According to a further aspect the invention provides an improvement in this respect by a covering assembly for covering a bank, coast or dike, including spillways, for protection against wave attacks and water flows, comprising a number of blocks placed in a bond, the blocks having an upper surface and a lower surface, wherein at least a number of the blocks with their lower surfaces are adhered to a filter mat that is provided with passages in a direction perpendicular to the plane of the mat and with passages in the plane of the mat, particularly in random directions therein. The connection between the blocks and the filter mat need not take place through the accommodation of mat portions in the moulding material of the blocks, such as concrete, as a result of which the position of the blocks during moulding can be different than after connection to the mat. In that case the blocks are able to define a more closed surface, at least with more discrete vertical passages instead of a contiguous net of slit-shaped passages. The mat itself, which preferably has an open structure in three dimensions, provides a quick connection with the discrete vertical passages. The permeability in the three dimensions in the mat preferably is substantially the same. A useful example of such a mat is a mat by Enkamat (registered trademark). The adhesion can be realised by means of an added adhesive, such as glue.

According to a further aspect the invention provides a covering with covering assemblies according to the invention, wherein the blocks form a standard assembly or a deviating assembly according to inventions discussed above. The mat keeps the blocks together.

The covering assembly preferably is substantially rectangular, wherein the mat at at least one cathetus, preferably at two adjacent catheti, projects from the blocks, so that in the work a proper filter closure is realised.

According to a further aspect the invention provides a method for manufacturing a covering assembly according to the invention, wherein the blocks are manufactured in a mould from hardenable moulding material, which for instance hardens under the influence of increased temperature or that bonds hydraulically, such as concrete, after sufficient hardening are brought as a group into a bond of abutment and are placed against the mat or the mat is placed against the group of blocks, wherein the mat is attached to the blocks by adhesion.

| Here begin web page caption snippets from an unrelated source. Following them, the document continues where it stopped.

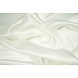 Crêpe Froissé Satin Blanc Cassé Crêpe Froissé Satin Blanc Cassé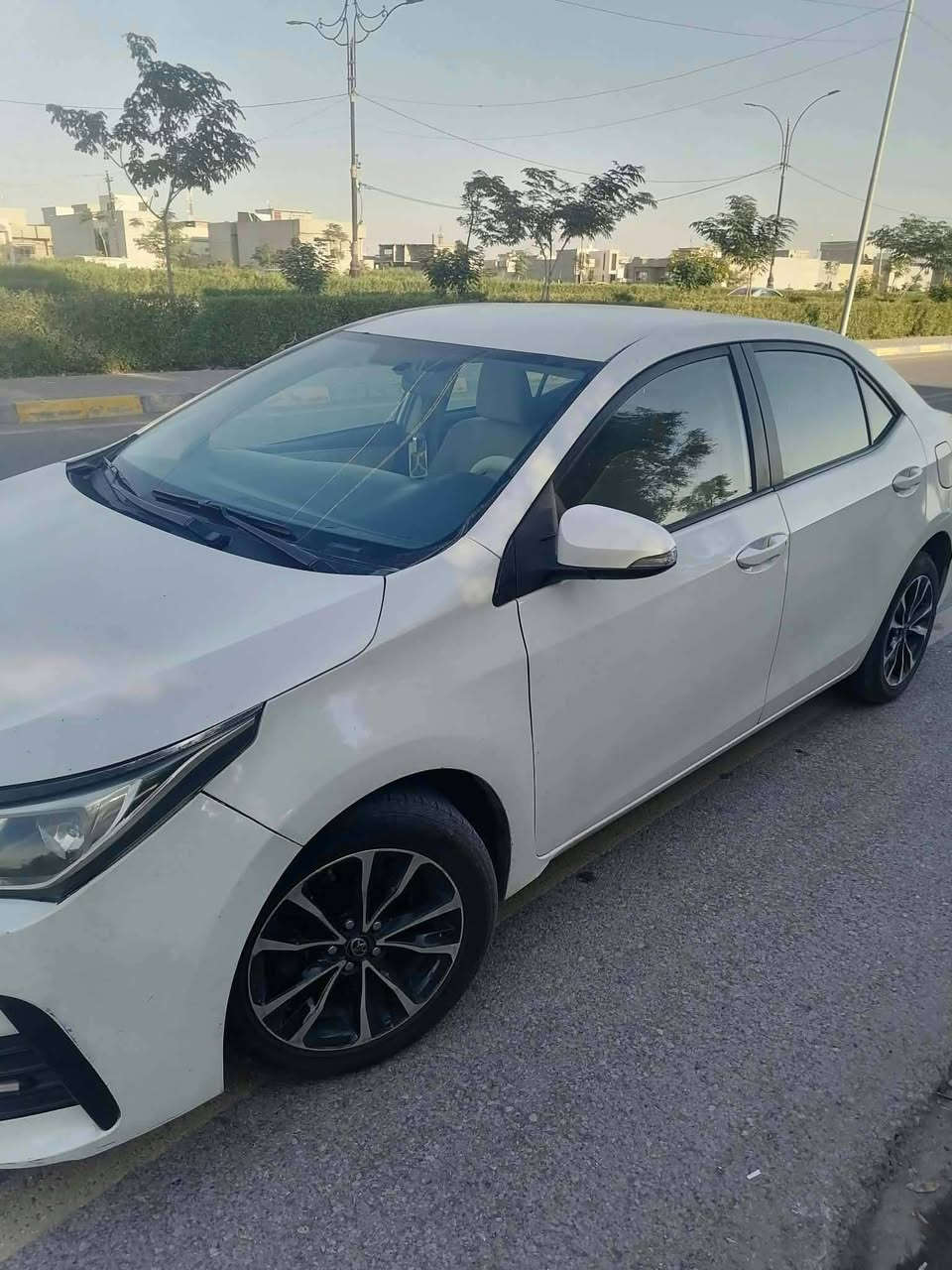 كورلا • ٢٠١٧ • رقم اربيل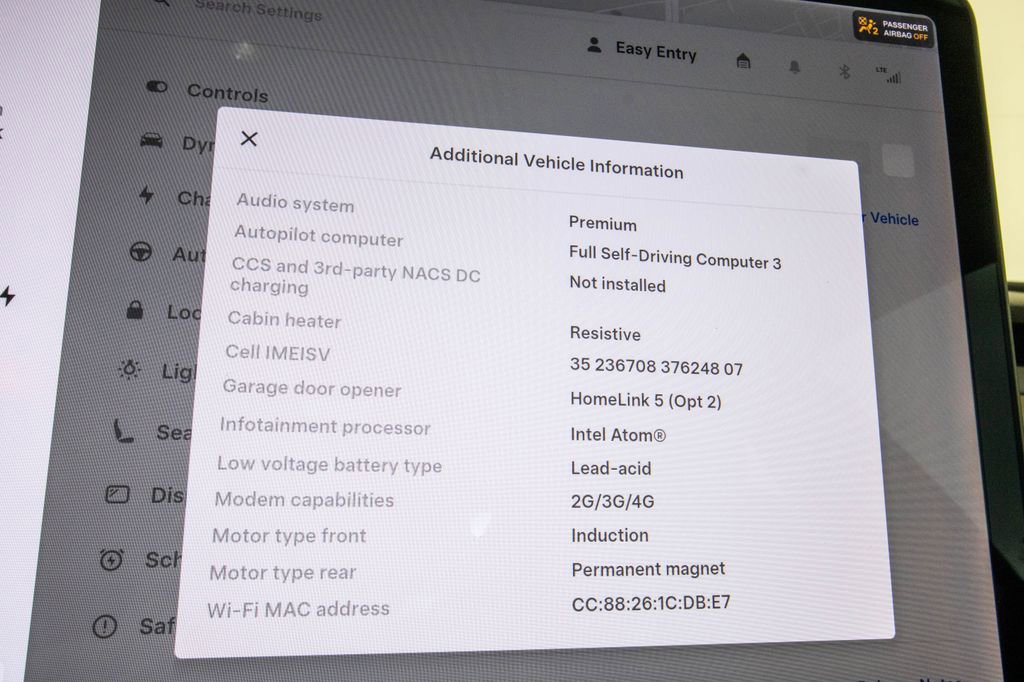 Used 2018 Tesla Model 3 Long Range image 20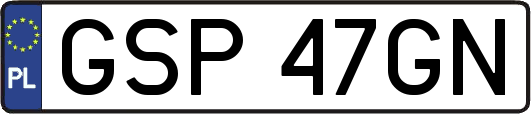 GSP47GN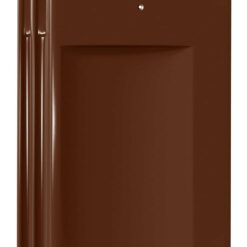 กระเบื้องหลังคาเซรามิก เอสซีจี รุ่นเอ็กซ์เซลล่า เกรซ สีบราวนิช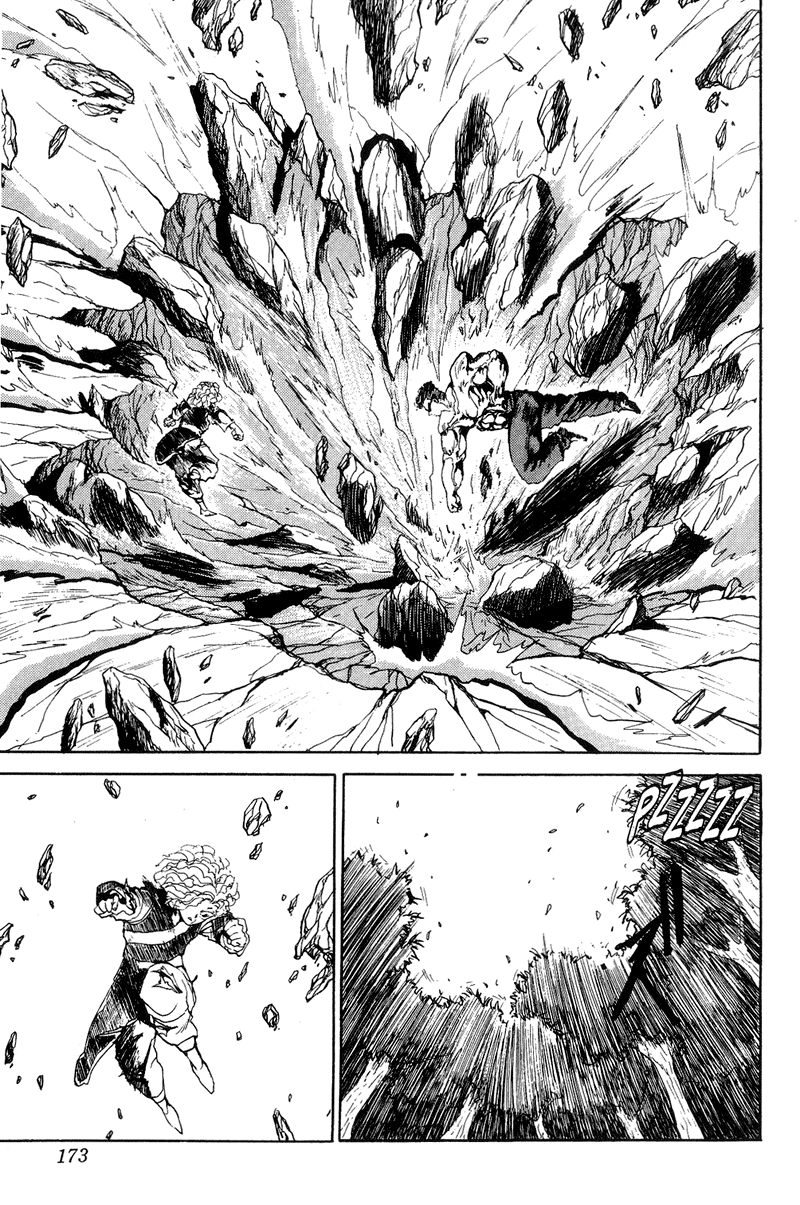 Yu Yu Hakusho Chapter 90 page 8 - Chapter 90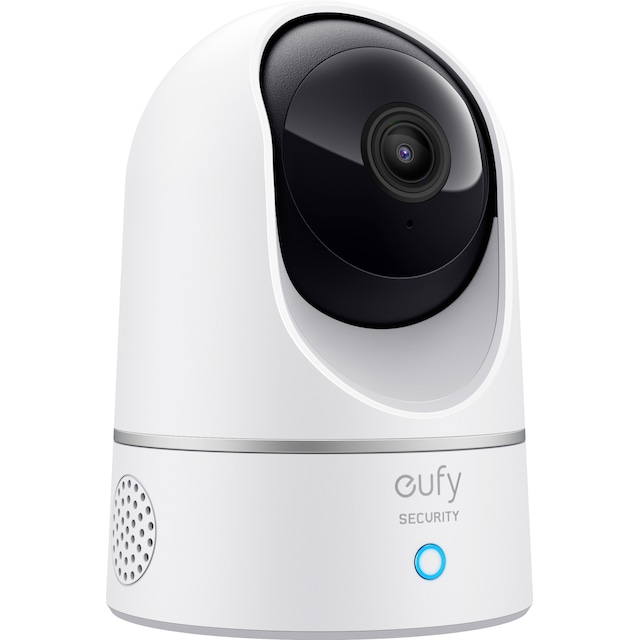 Eufy Cam Indoor Cam 2K Pan og Tilt smartkamera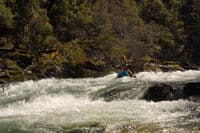Kevin Packrafting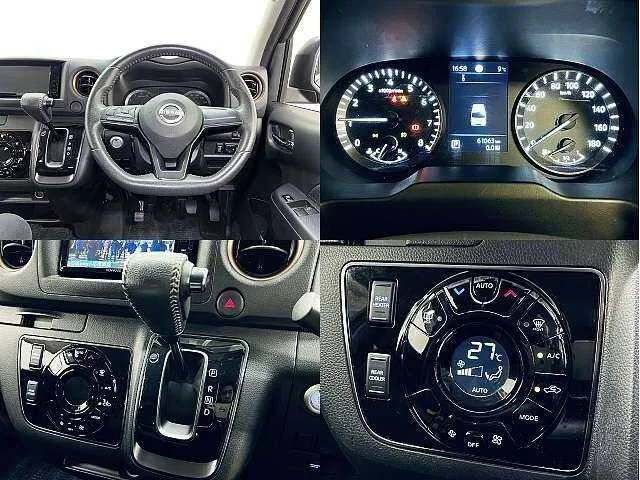 Nissan Caravan Van . 2022 — миниатюра 4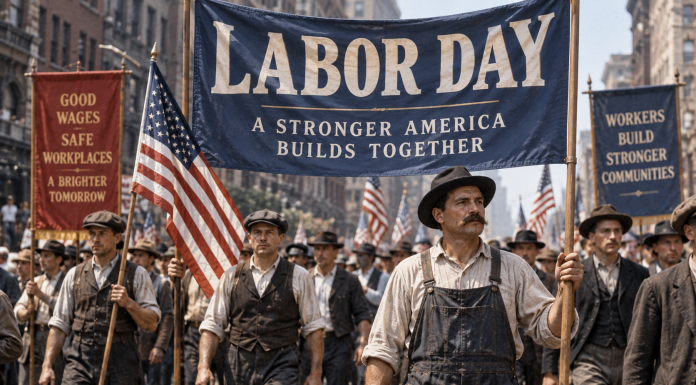 Happy Labor Day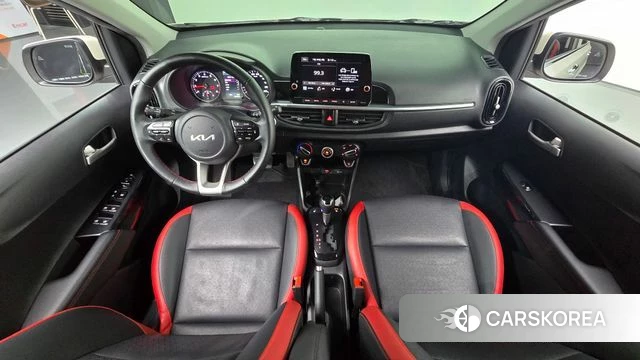 Kia Morning Urban (JA) id 4646352 из Кореи 27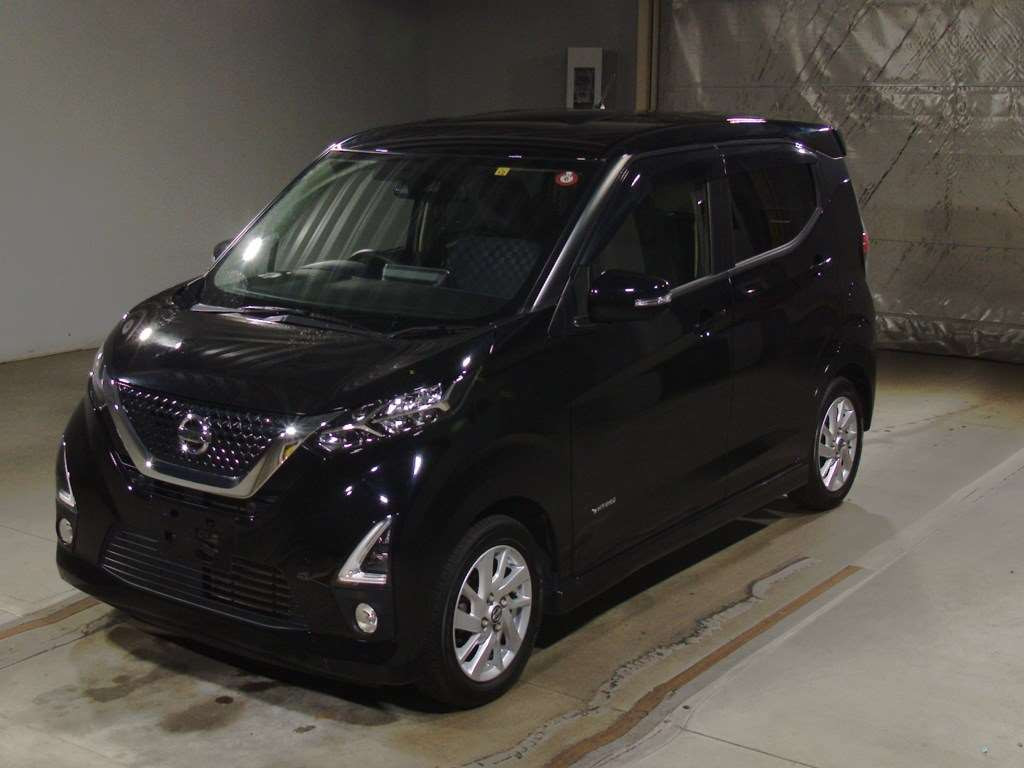 2019 Nissan DAYZ B44W[0]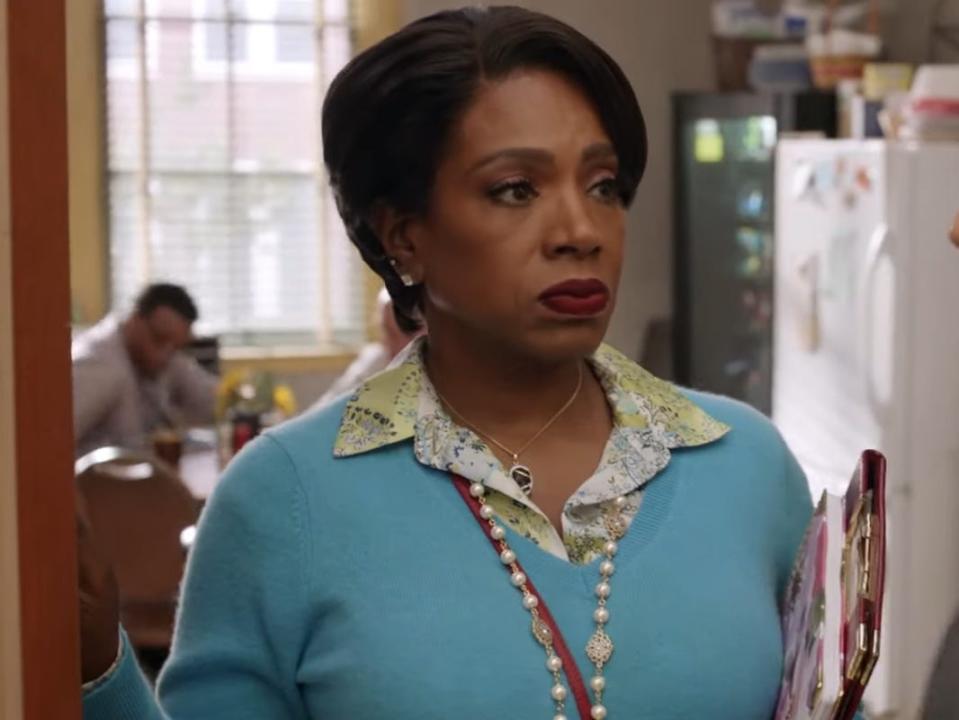 Sheryl Lee Ralph on season two of "Abbott Elementary."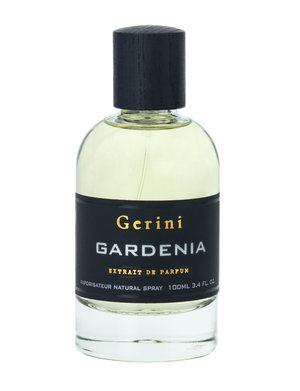 Gardenia by Gerini perfume bottle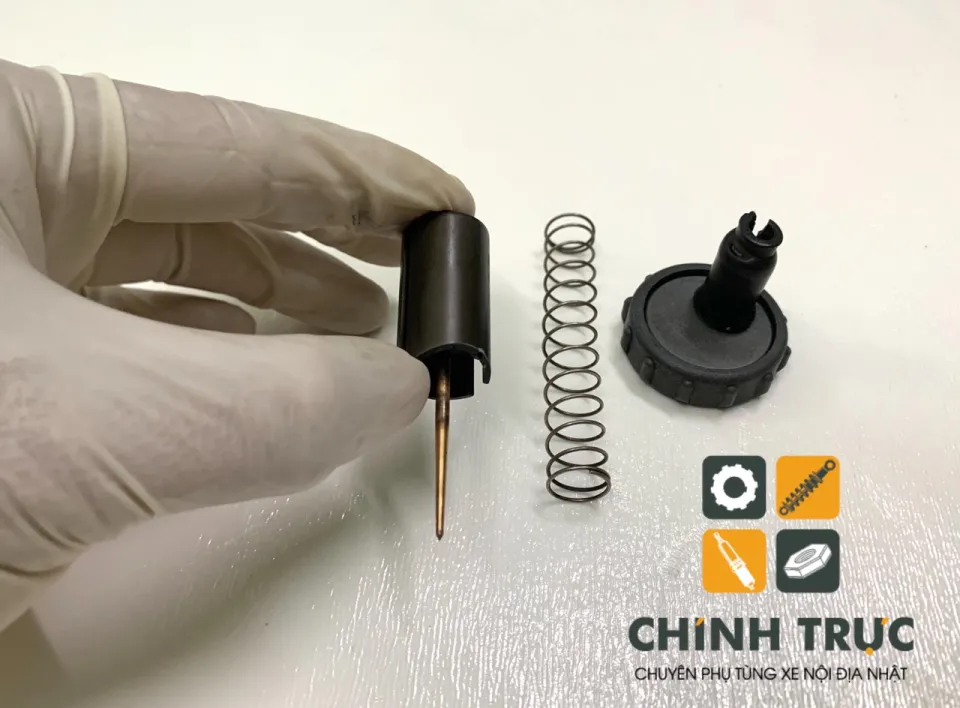 Bình xăng con KEIHIN Japan trái ga18 Trái Ga18 Cho Xe Máy Phụ Kiện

According to a further aspect the invention provides a covering of a bank, coast or dike, including spillways, for protection against wave attacks and water flows, comprising a number of blocks placed in a bond, which in between them form slits or other kinds of openings for accommodation of a grain material, such as grit, wherein the grain material is obtained from ultra basic deep rock that contains Mg-containing olivine, particularly from peridotite, particularly from dunite. The content of Mg in the olivine preferably is over 50%. The content of Mg preferably is as high as possible, preferably over 70%, wherein the deep rock preferably is forsterite. An advantage thereof is that the Mg-containing olivine bonds C02 up to 5/4 times its own weight. Use in slopes bounding water bodies such as a lake, sea or channel is advantageous because salt optionally present in said water increases the reaction rate. The grit then has and additional function in the covering, which it retains for a long time should it inadvertently be flushed out of the covering.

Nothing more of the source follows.